Si le mot d’ordre « Bloquons tout » peut laisser entendre que tout est permis, il faut distinguer la liberté de manifester et le droit de grève. Pour être protégé par le droit de grève, un salarié doit répondre aux conditions juridiques fixées par la jurisprudence, à savoir :
- Un arrêt de travail collectif : en principe, une grève suppose qu’au moins deux salariés de l’entreprise y prennent part. Mais un salarié isolé peut parfaitement se joindre à un appel national et être reconnu comme gréviste (Cass. soc., 29 mars 1995).
- Pour le 10 septembre, la CGT « appelle à construire la grève et les débrayages partout où c’est possible ». Cette première condition est donc remplie.
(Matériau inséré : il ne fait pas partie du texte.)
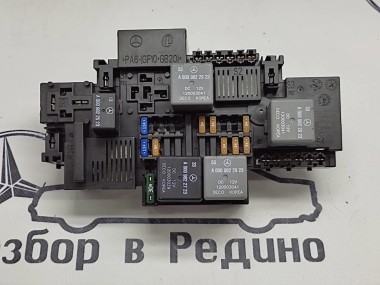 Блок предохранителей MERCEDES-BENZ C-класс W205/S205/C205/A205 (2014 - 2018) — Разборка Мерседес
- Des revendications professionnelles : si certaines demandes relatives au mouvement du 10 septembre sont politiques (référendum, défense des services publics), d’autres relèvent clairement du champ professionnel : salaires, retraites, assurance chômage, recours aux CDD, congés payés… Or, une seule revendication professionnelle suffit à qualifier le mouvement de grève, même si elle coexiste avec des revendications politiques (Cass. soc., 29 mai 1979 ; Cass. soc., 15 févr. 2006).
- Information de l’employeur : aucun préavis n’est nécessaire dans le privé. Mais l’employeur doit être informé des revendications au moment de l’arrêt de travail. Dans le cadre d’un mouvement national, les appels syndicaux, tracts et annonces publiques remplissent cette condition.
En clair, un salarié du secteur privé qui cessera le travail le 10 septembre en réponse à l’appel « Bloquons tout » sera considéré comme gréviste au sens du droit. Il bénéficiera donc de la protection attachée à l’exercice du droit de grève : impossibilité d’être licencié (sauf faute lourde), interdiction de toute sanction disciplinaire ou de discrimination. Une analyse partagée par l'avocat en droit du travail Christophe Noël.
À NOTER
En ce qui concerne les salariés du public, un préavis d’au moins cinq jours francs doit être déposé avant la grève. Celui-ci doit provenir d’une organisation syndicale représentative au niveau national, dans la branche professionnelle concernée ou au sein de l’entreprise, de l’organisme ou du service visé. C’est le cas pour le 18 septembre, mais seulement dans certaines branches pour le 10 septembre (fédérations FNIC-CGT industries chimiques, CGT commerce et service et certaines unions départementales).
Attention : « bloquer tout » n’est pas un droit
Si l’arrêt de travail est couvert par le droit de grève, le blocage des entreprises ne l’est pas.
- L’occupation de locaux est jugée illicite par la jurisprudence (Cass. soc., 21 juin 1984).
- Les piquets de grève sont légitimes à condition de ne pas empêcher les non-grévistes d’accéder au travail.
Autrement dit, le droit de grève protège l’absence du salarié, mais pas le blocage des lieux de travail ou les violences. Ces comportements peuvent être sanctionnés, voire poursuivis pénalement.
Une grève à la fois sociale et politique
Depuis les années 1970, la Cour de cassation admet que des revendications professionnelles peuvent être tournées vers le gouvernement, même si l’employeur ne peut pas y répondre directement. La défense des retraites, des jours fériés ou de l’assurance chômage entrent donc dans ce cadre.
Le 10 septembre, les salariés du privé qui se joindront au mouvement « Bloquons tout » seront juridiquement protégés par le droit de grève, tant qu’ils respectent ces règles : arrêt du travail, revendications professionnelles et respect du droit au travail des non-grévistes.
L’ampleur de la mobilisation reste une inconnue. Mais sur le plan du droit, la réponse est claire : oui, les salariés absents seront couverts par le droit de grève, à condition de ne pas confondre grève et blocage.